** PROBLEM REQUIREMENTS **
Print nothing except the lines of the listing below from the line with "Отель Hampton Inn Quakertown" to the line with "你负责关注我负责打招呼 这样爱情不就来了", each exactly as written, both ends included.

** INFORMATION SUPPLIED **

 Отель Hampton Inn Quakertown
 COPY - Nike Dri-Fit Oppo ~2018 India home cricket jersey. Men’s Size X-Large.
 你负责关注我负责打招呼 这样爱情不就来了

---

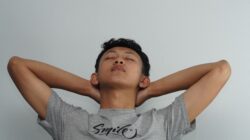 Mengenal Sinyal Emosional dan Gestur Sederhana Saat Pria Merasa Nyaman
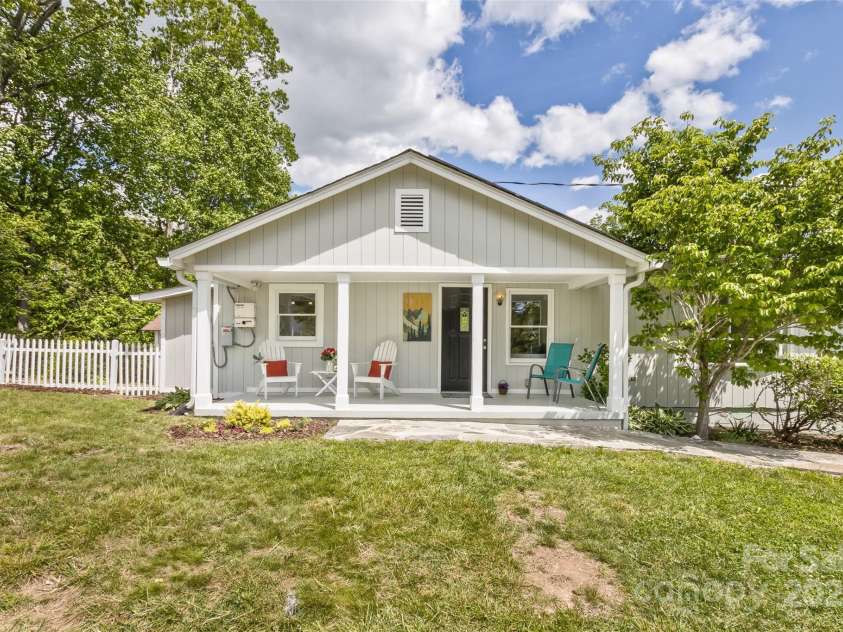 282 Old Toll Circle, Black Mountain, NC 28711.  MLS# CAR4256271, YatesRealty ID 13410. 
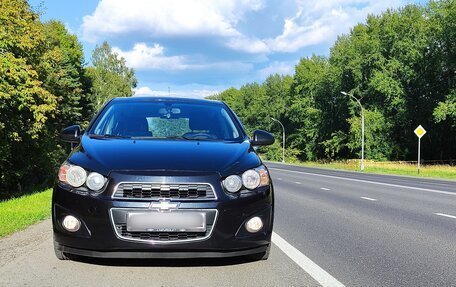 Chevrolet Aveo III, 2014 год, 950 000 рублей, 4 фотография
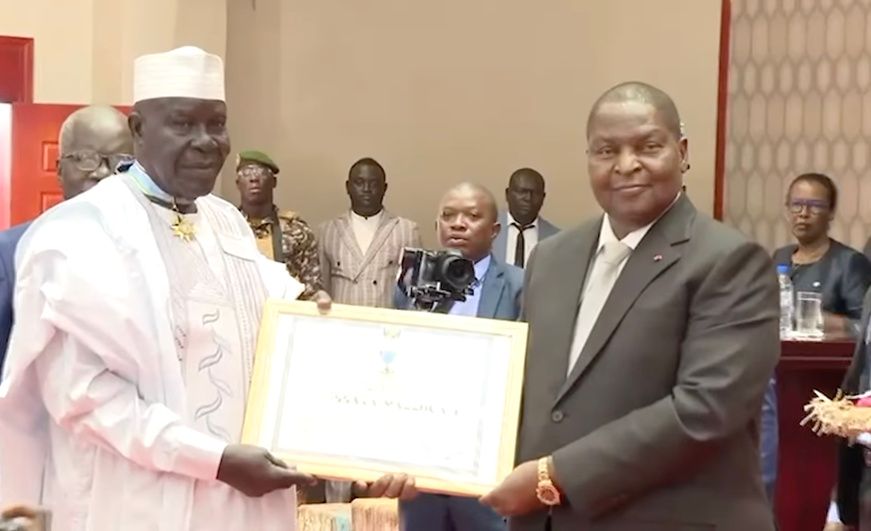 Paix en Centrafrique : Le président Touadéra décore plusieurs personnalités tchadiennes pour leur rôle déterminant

** FINISHED TASK **
 Отель Hampton Inn Quakertown
 COPY - Nike Dri-Fit Oppo ~2018 India home cricket jersey. Men’s Size X-Large.
 你负责关注我负责打招呼 这样爱情不就来了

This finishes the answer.